However, the overriding influence on hatchery performance, and the basis of the long-term controversy, is related more to hatchery management practices of the fisheries agencies than to fish culture practices. Variability in hatchery performance is not so much related to technology, as it is to the manner in which that technology has been applied. The consistent oversight in hatchery propagation is that management has not been careful to provide for the biological needs of the young salmon after release to the natural environment. Hatcheries are generally managed from the central office, well displaced from the fish and the streams being stocked, with little appreciation of the fact that these fish must integrate into a very complex environmental system. A disregard for stock structure and the synchrony between genetic attributes of populations and the environment associated with their natal systems has generally characterized hatchery management policy over the past. Moreover, objectives such as producing the maximum number of smolts possible with the flow available, and fish release programming based on space needs among competing species or year classes, contributed significantly to poor quality of fish, and negative impacts on fish in the receiving environment. More recently concern about these issues have altered some hatchery operations in an attempt to address problems with fish quality and wild/hatchery fish interaction. The existing track record, however, is dominated by former management practices, many of which are still represented among Columbia River hatcheries.

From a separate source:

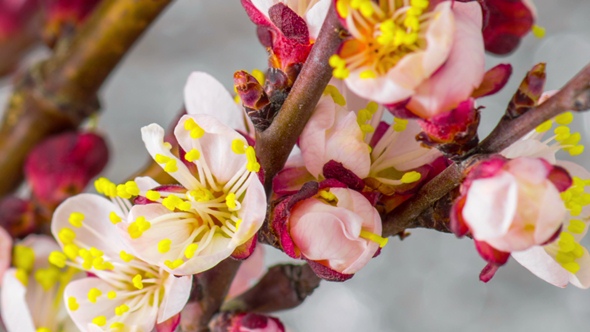 White Cherry Tree Flowers alt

To assess Columbia Basin hatcheries, technology such as lack of cover in raceways or training on artificial diets may be issues, but the compelling questions deal with the potential impact of the hatchery program. That is a very different matter. Management policy dictates the manner in which hatcheries are employed. Management policy affects what genetic stocks are used, the breeding protocol, and where and in what numbers hatchery fish are planted. Management policy is what motivates knowing the status of the endemic stock where hatchery fish are planted, making sure the genetics are complementary, and knowing the carrying capacity of the target streams. Technology can be available to meet the objectives required of artificial production to be compatible with native stocks, but management must assure that it is applied. The impact of management on the application of artificial production is the overwhelming and decisive factor that determines the effectiveness of hatchery programs. Good management is the key to successful integration of hatcheries into a functioning and dynamic ecosystem.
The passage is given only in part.